Dr. Vander Andrade: Sem sombra de dúvidas, precisamos sim de educação. Contudo, temos para nós não ser suficiente a educação formal para proporcionar um giro e uma revolução nos modelos comportamentais sociais, uma vez que temos presenciado, com reiterada frequência, um grande número de condutas discriminatórias, preconceituosas e até mesmo racistas no ambiente empresarial, perpetrado por pessoas, não raro, de elevada escolaridade.
A nosso ver, torna-se necessário um processo de desconstrução de paradigmas e de reincorporação e de ressignificação de valores, como os da igualdade e os da solidariedade.
Somente quando tivermos assimilado a concepção de que todos vivemos um mesmo espaço de fraternidade e de absoluta necessidade de convivência harmônica é que poderemos superar os desvios da cultura tradicional, que houve justificar em alguma medida, ainda que de forma não ostensiva, a diferença entre seres humanos, o que deve ser reputado intolerável e inadmissível no atual estágio civilizatório.

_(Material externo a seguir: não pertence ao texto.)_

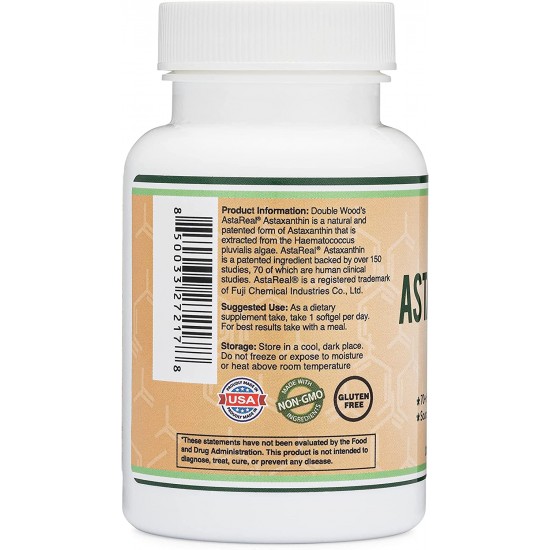 Астаксантин 12 мг x 60 софтгел капсули Дабъл Ууд | Astaxanthin Astareal 12 mg x 60 softgels caps Double Wood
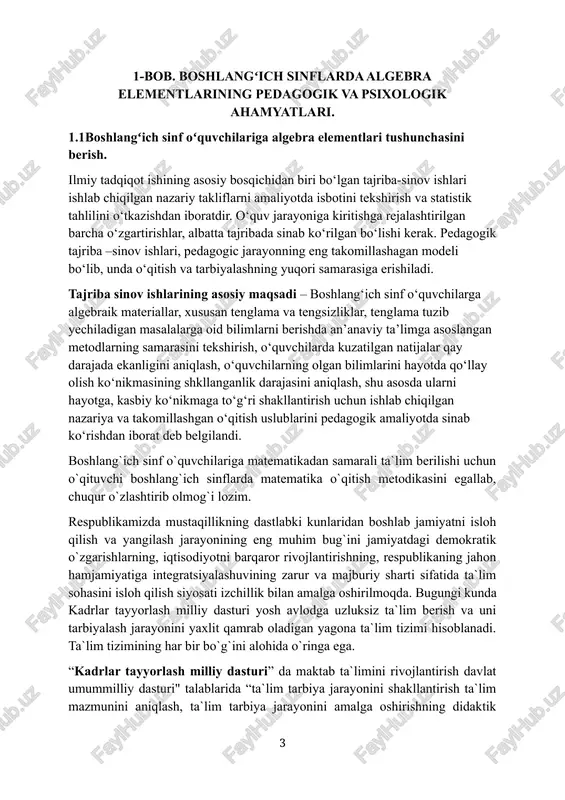 lar yaratish” vazifasini hal qilish takidlab o`tilgan. metodik masalalar har bir darsda yuzaga keladi, shu bilan birga odatda, ular bir qiymatli yechimga ega emas. o`qituvchi darsda yuzaga kelgan metodik masalaning mazkur o`quv vaziyati uchun eng yaroqli yechimini tez topa olishi uchun bu soxada yetarlicha keng tayyorgarlikka ega bo`lishi talab etiladi. boshlang`ich ta`lim metodikasi o`qitish vositasi sifatida mavjud didaktik o`yinlar mantiq ilmi va matematik nuqtai nazaridan mazmunan yetarli emasligi tufayli didaktik o`yinlardan foydalaniladi va o`rganilgan materialni faqat mustaxkamlash vositasi sifatida foydalaniladi. matematika boshlang`ich ta`lim metodikasining predmeti quyidagilardan iborat: 1.matematika o`qitishdan ko`zda tutilgan maqsadni aniqlab asoslash (nima uchun matematika o`qitiladi, o`rgatiladi) 2. matematika o`qitish mazmunini ilmiy ishlab chiqish (nimani o`rgatish) bir tizimga keltirilgan bilimlar darajasini o`quvchilarining yosh xususiyatlariga mos keladigan qilib qanday taqsimlansa, fan asoslarini o`rganishda izchillik ta`minlanadi, o`quv ishlariga o`quv mashg`ulotlari beradigan yuklama bartaraf qilinadi, ta`lim mazmuni o`quvchilarning aniq bilim olish imkoniyatlariga mos keladi. 3.o`qitish metodlarini ilmiy ishlab chiqish (qanday o`qitish …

4- Ainda sobre o tema mencionado acima. A imagem de uma empresa, depois de maculada, pode se recuperar? Quais dicas você daria para uma empresa ficar de olho em relação às questões jurídicas e legais que envolvem desde crimes de intolerância religiosa, até corrupção, dentre outras?

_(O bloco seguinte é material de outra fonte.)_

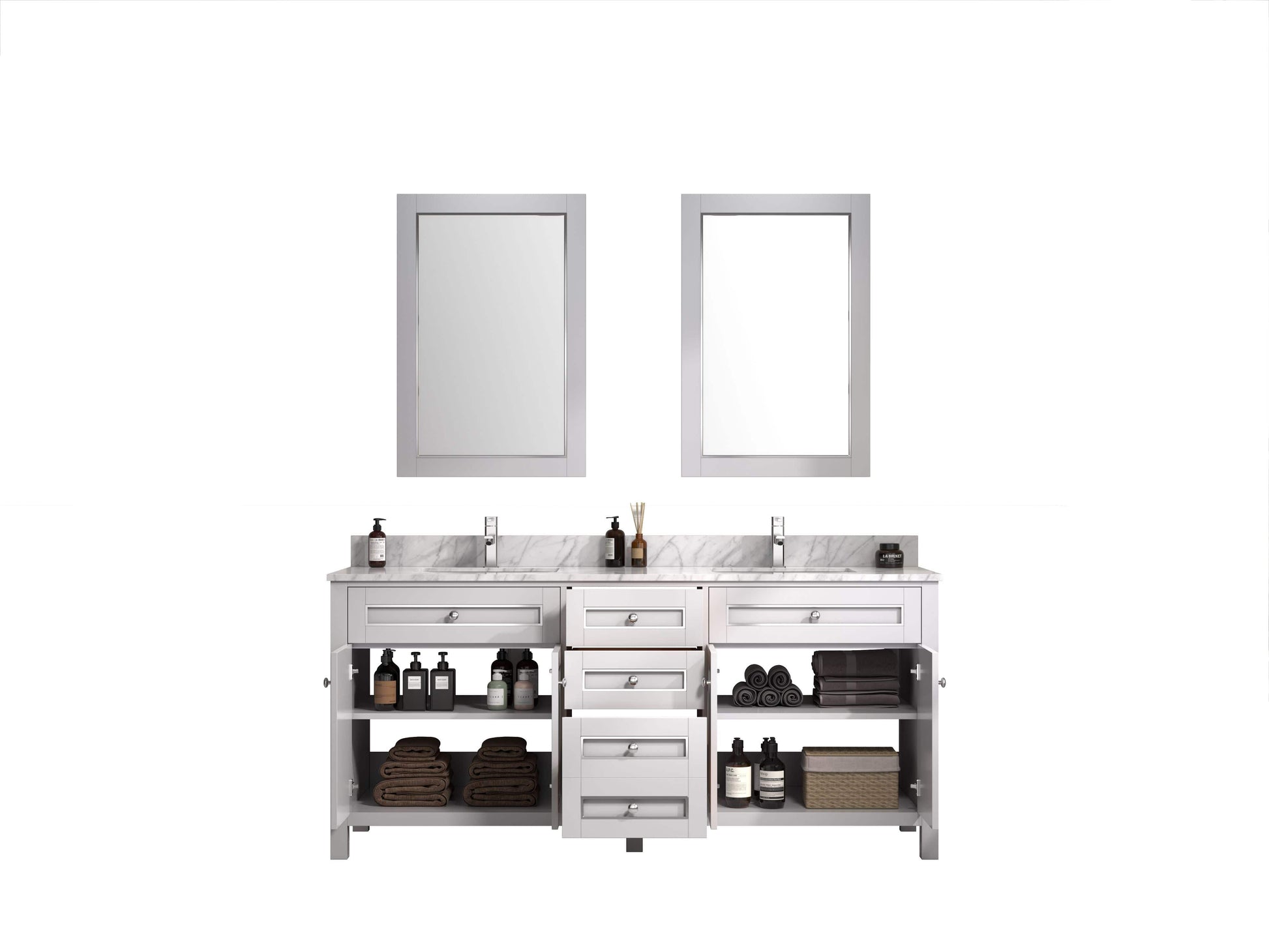 Legion Furniture WV2272-W Legion Furniture WV2272-W 72" White Finish Sink Vanity Cabinet with Carrara White Top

Dr. Vander Andrade: Crimes não são praticados por empresas. Crimes são praticados por pessoas. Ocorre que quando estas pessoas cometem crimes, muitas vezes o que se associa como prejuízo e dano à imagem institucional, é justamente o nome da empresa. Pessoas precisam ser treinadas, sensibilizadas e tocadas afetivamente. A educação e o treinamento profissional deve ser encarado como um processo de humanização. “Educare”, do latim, significa criar, nutrir, orientar, ensinar, treinar, conduzir o indivíduo de um ponto onde ele se encontra para outro que se deseja alcançar.
Refere-se à ação daquele que treina sobre aquele que é treinado, cujo objetivo se concentra no desenvolvimento mental e moral do colaborador, independentemente do patamar que ocupa na empresa.

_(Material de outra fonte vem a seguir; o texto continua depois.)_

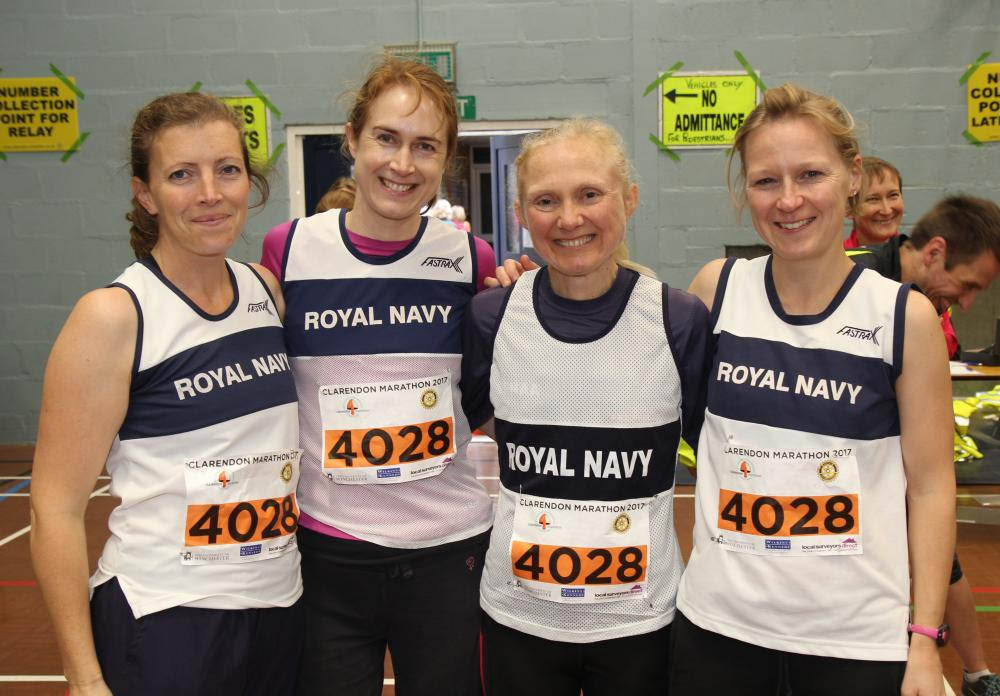 4 women from the Royal Navy, stood as a Clarendon Relay team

Nesse tocante, penso que devemos prover uma técnica que mescle o tecnicismo cartesiano, lastreado em sólido conhecimento técnico com o sistema de “parturição de ideias” propugnado por Sócrates.
5- Como você define a corrupção empresarial?
Dr. Vander Andrade: A corrupção empresarial reflete uma das chagas sociais dos nossos tempos. Em verdade, sua origem parece estar no patrimonialismo, do qual nos fala Raimundo Faoro em sua obra “Os Donos do Poder”.
Esse patrimonialismo, que é a ideia de que aquilo que pertence à coletividade deve a mim pertencer, tem a sua fonte primária na corrupção pública, nas práticas criminosas dos governantes e dos funcionários do Estado.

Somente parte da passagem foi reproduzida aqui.